It’s understood that Maty Mauk can’t make Missouri’s offense go on his own. Senior running back Russell Hansbrough is a proven commodity, but who else can help?
(This story is part of The Kansas City Star's Football 2015 special section that publishes Sunday, Aug. 30. Pick one up and check out more here.)
▪ Who can help? For starters, Hansbrough should be fine. He tied for 17th in the nation last season with five runs of 40 yards or more. Only six power-five running backs exceeded that. Hansbrough had more runs of 40-plus yards than Georgia’s Todd Gurley, Pittsburgh’s James Conner or Boise State’s Jay Ajayi. He also had more than LSU’s Leonard Fournette, Arkansas’ Alex Collins and Miami’s Duke Johnson.
▪ Possible limitations: Depth is a concern. Hansbrough hasn’t missed any games, but he’s been unable to finish several because of an injured shoulder in recent seasons. He isn’t built for a 300-carry workload. All indications are that Morgan Steward will play after missing last season because of a hip injury that eventually required surgery in November. If he can return to the form he flashed in the spring of 2014, the Tigers are in good shape.
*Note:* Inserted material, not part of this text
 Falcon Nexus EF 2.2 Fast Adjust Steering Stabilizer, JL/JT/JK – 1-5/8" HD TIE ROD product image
▪ Who can help? Sophomore receiver Nate Brown looks the part of a playmaker. But he’s switching to a new position, having made the transition to the slot during Citrus Bowl practices last season, and missed almost the entire spring because of a sprained knee. Wesley Leftwich is the only senior in Missouri’s wide-receiving corps and also one of the rare players on the roster with game-day experience. That also puts an onus on sophomore J’Mon Moore to step up.
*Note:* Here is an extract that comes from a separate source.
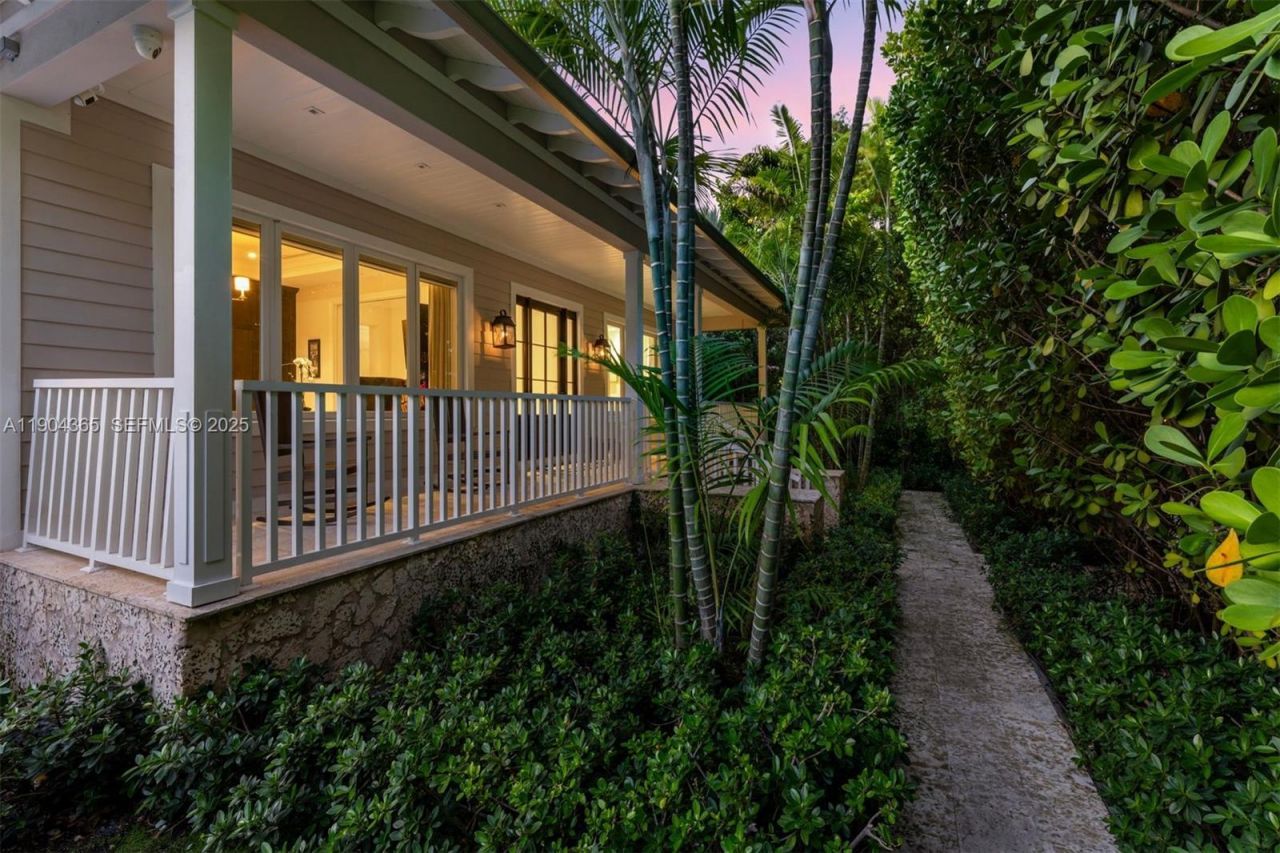 2500 Regatta Ave, Miami Beach, FL 33140 Photo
▪ Possible limitations: Brown, Leftwich and Moore have just 10 combined catches for 114 yards and no touchdowns in their careers, but that’s more experience that the rest of this position group. Eight of the 11 scholarship wide receivers on the roster are redshirt or true freshmen. Missouri believes it’s a talented bunch, but these guys have had limited time to work with Mauk and are likely to struggle with their consistency.
▪ Who can help? Junior Sean Culkin is the Tigers’ top returning pass-catcher. There was a time when a tight end being the most-proven option in the passing game wasn’t alarming, but Culkin isn’t at the level of Martin Rucker, Chase Coffman or Michael Egnew. This also might be the year sophomore Jason Reese emerges. He certainly has the athletic ability to become one of the top tight ends in the SEC.
▪ Possible limitations: Tight ends might be needed for six-man protections in passing situations. Culkin isn’t particularly explosive after the catch and has been prone to drops. He’ll make some spectacular grabs but then flub an easy one. Reese lacks experience. He has more run-after-the-catch ability than Culkin, but he’s also struggled to corral the ball. Senior Clayton Echard is maybe the best blocker of the bunch and is a solid possession receiver, but he’s unlikely to be a difference-maker. Redshirt freshman Kendall Blanton is a still-raw talent from Blue Springs South.